Principal Component Analysis:
In order to determine how useful the
features I had actually were, I ran principal
component analysis on the data and then tested
linear SVMs on several of the top principal
components. Matlab’s built-in principal
component function was used to identify the
principal components and the data with all 693
features was then projected onto this space to
create new training and testing data for the SVM.
Table 2 on this page shows the error rates as a
function of how many of the top principal
components were used.
There are several things to take away from
these results: first, using a small number of the
top principal components performs nearly as well
as the baseline and slightly better than Naive
Baye’s (given a testing size of ~3500, these are
likely a statistically significant differences).
Thus, some portion of the data does hold
information significant to predicting stock prices.

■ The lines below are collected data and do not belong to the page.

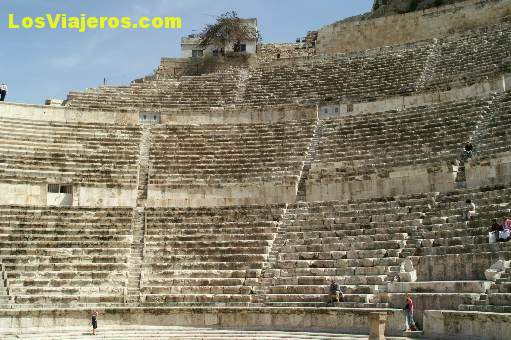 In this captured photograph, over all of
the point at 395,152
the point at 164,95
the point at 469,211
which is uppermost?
the point at 164,95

Furthermore, adding more features does not
reduce the error rate further and in fact increases
the error rate by a significant amount. This means
that many of the “features” (those that contribute
to the non-top principal components) are
effectively noise for the purposes of satisfying our
hypotheses.
Number Components Error
1 0.5127
2 0.4045
3 0.3982
4 0.3982
5 0.3982
6 0.3939
7 0.4172
8 0.4049
9 0.4038
10 0.4133
50 0.4175
200 0.4503
693 (MAX) 0.4767
BAYES 0.4091
BASELINE 0.3859
Table 2
Manual Keyword Selection
Another method I tried for feature
selection was to manually select features human
insight indicates should be indicative. The key
words corresponding to these tokens are shown
below in Table 3 with their frequency in
positively and negatively classified headlines; few
of these stand out as strong indicators (not
stronger than for example the average number of
times stocks rose on the training period).
Training on these symbols alone meant that few
of the headlines could be processed total (~1300)
and resulted in an error of 0.38 when classifying
with P=0, notably worse than the baseline error of
0.33 on the same set.
Symbol Positive
Frequency
Negative
Frequency
Ratio
Buy 0.217 0.182 1.193
Sell 0.064 0.068 0.953
Good 0.079 0.074 1.065
Growth 0.158 0.165 0.956
Beat 0.068 0.072 0.940
New 0.253 0.254 0.997
Stop 0.018 0.008 2.179
Disappoint 0.004 0.013 0.323
Win 0.028 0.027 1.006
Bullish 0.048 0.042 1.138
Risk 0.028 0.057 0.484
Bad 0.035 0.036 0.968
Table 3
Natural Language Processing:
After failing to beat our baseline algorithm
using any of the standard features selection
techniques, I decided to try using Natural
Language Processing to provide better features
for the learning algorithms. In particular, the best
feature would be an indication of whether or not
the article headline spoke of the company
positively or negatively. This is known as
sentiment analysis in natural language processing.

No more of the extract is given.